Since This week there is no topic assigned, maybe I will talk something about assignment 1? I am pround to tell you guys that I have finished.
Thank you those who watching my blogger. In order to return your attention, I decide to write something to make the assignment easier.
If TA see this article, do not worry! I will handle the extent!
Here we go!
1. step(1)(2)(3) The difficulty of this step is "reading GUIController and GUIViewables".
If you are really unconfident about trace the information they contain about TOAHModel, then open the Wing, drag the part that may be relative to TOAHModel. The Wing will automatically show the repeated part in different color for you. I promise it will speed you up.
For GUIController, if you really want or are interested in understanding all of them, reading chapter 16 of your CSC108 book is a good option.
For GUIViewables, I advice you to treat CheeseView simply as class Cheese in TOAHModel.
2.step(4) this step is not hard once you finish the steps above
3. step(5) If you can handle the recursion well, this part should not be a problem for you. But considering there are still some of you feel uncomfortable about recursion, I provide another way of doing it.
Still you should be able to get the best seq for solving three_stools type.
Using 'while' to try all the possible.
suppose we want to solve an 8 cheeses four_stools problem, what is the possible of moving seq?
we can move 1 cheese using 4 stools, then moving 6 cheese using 3 stools, then moving 1 cheese using 4 stools.
or we we can move 2 cheese using four_stools, then moving 4 cheese using three_stools, then moving 2 cheese using four_stools.
or we can move 3 cheese using four_stools, then moving 2 cheese using three_stools, then moving 3 cheese using four_stools.

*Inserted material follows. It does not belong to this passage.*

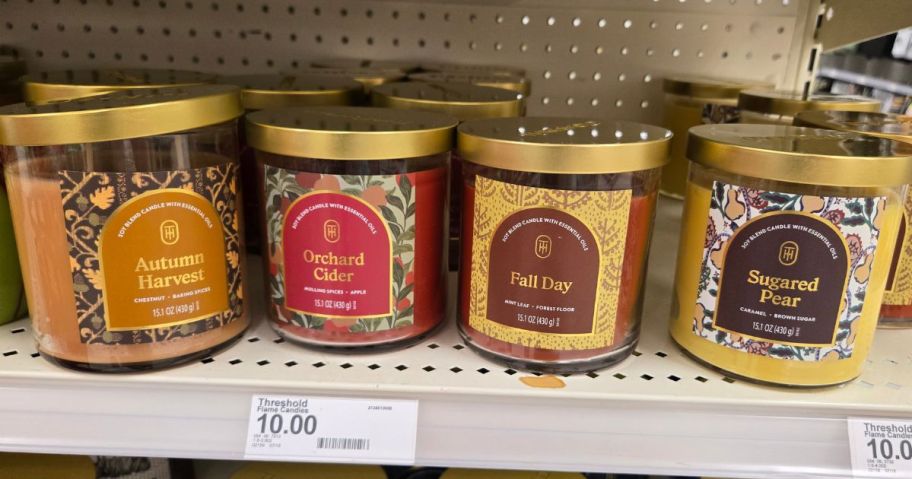 4 jarred candles on a store shelf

or we can move 4 cheese using four_stools, then moving 0 cheese using three_stools, then moving 4 cheese using four_stools.
we have 4 options here.
for each option exist another two four_stools problems.

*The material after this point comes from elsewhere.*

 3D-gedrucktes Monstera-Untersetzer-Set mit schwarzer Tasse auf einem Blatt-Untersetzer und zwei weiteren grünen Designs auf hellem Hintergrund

By keeping trace of these problems, here is my conclusion!:
for every n cheeses four_stools problem, it is equal to solve:
a1,b1,a2,b2,a3,b3.....a(n),b(n)
where a(i) is 1 cheese four_stools problem for all i,
and b(i) is some cheese( can be zero) three_stools problem for all i.
the sum of number of cheeses is n.
By Exhaustive Attack method, list all the possible ways( Notice the sequence have to be symmtric! And in each sub part, they are still symmtric!)
sequence for 1 cheese four_stools is easy, so we are done.
But please notice, this solution is trivial! If you have any idea of recursion, you should not use this. This method is for those who try to get grades but fail to use recursion. Last option only!
I follow two functions that might be useful to you, even you want to use recursion to solve problem.
def M(n):
#smallest number of moves of four_stools problem with n cheeses
small=(2**n)-1
if n==1:
return(small)
else:
for i in range(1,n):
if (2*M(i)+2**(n-i)-1) < (small):
small=(2*M(i)+2**(n-i)-1)
return(small)
def H(n):
#next division number
#which is the proper number i s.t make M(n)=M(i)+ 2**(n-i)+M(i) be the smallest
for i in range(1,n):
if M(n)==(2*M(i)+2**(n-i)-1):
return i
4.step(6)
animating the program:
Here is a trick, since you finished the step(5), anyway you can get the best seq. It is not necessary to generating the animation while generating the seq. You can simply generate the seq first, then use a simple "for" loop to make a model move along the seq.
In this case, all you need to do use a "while" loop to check the time.
for instance,
t1 = time.perf_counter()
t2 = time.perf_counter()
while (t2 - t1) < delay_btw_moves:
t2 = time.perf_counter()
and insert "print('TOAHModel')" inside some where.
Okay! Thanks for reading.